= DATASET SECTION =
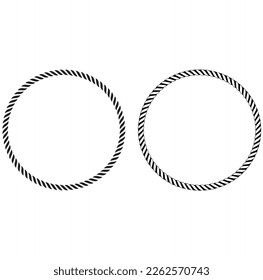 round rope frame icon vector isolated on background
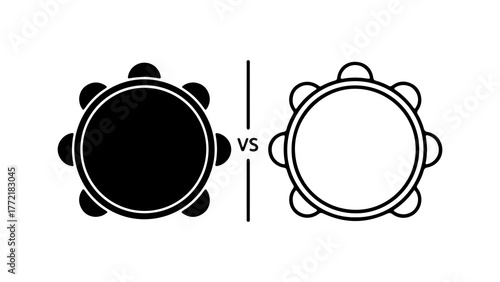 Tambourines comparison with transparent background
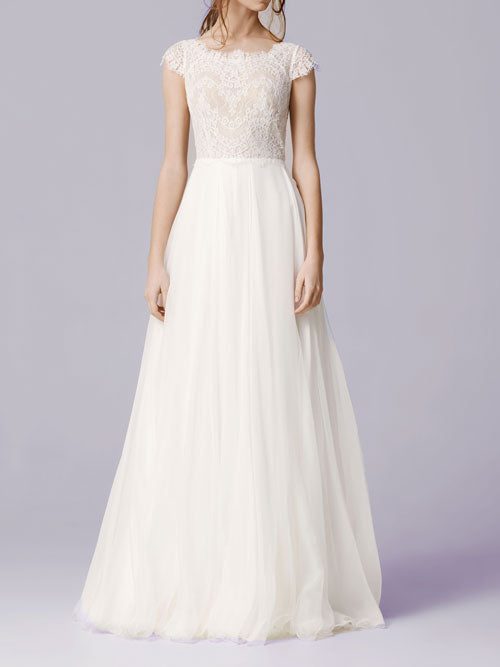 Elegant Lace Chiffon Wedding Dress with Cap Sleeves ON1001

= EXERCISE DETAILS =
If a line holds a picture, skip the picture and transcribe the rest of the material exactly.

= SOLUTION TO THIS EXERCISE =
 round rope frame icon vector isolated on background
 Tambourines comparison with transparent background
 Elegant Lace Chiffon Wedding Dress with Cap Sleeves ON1001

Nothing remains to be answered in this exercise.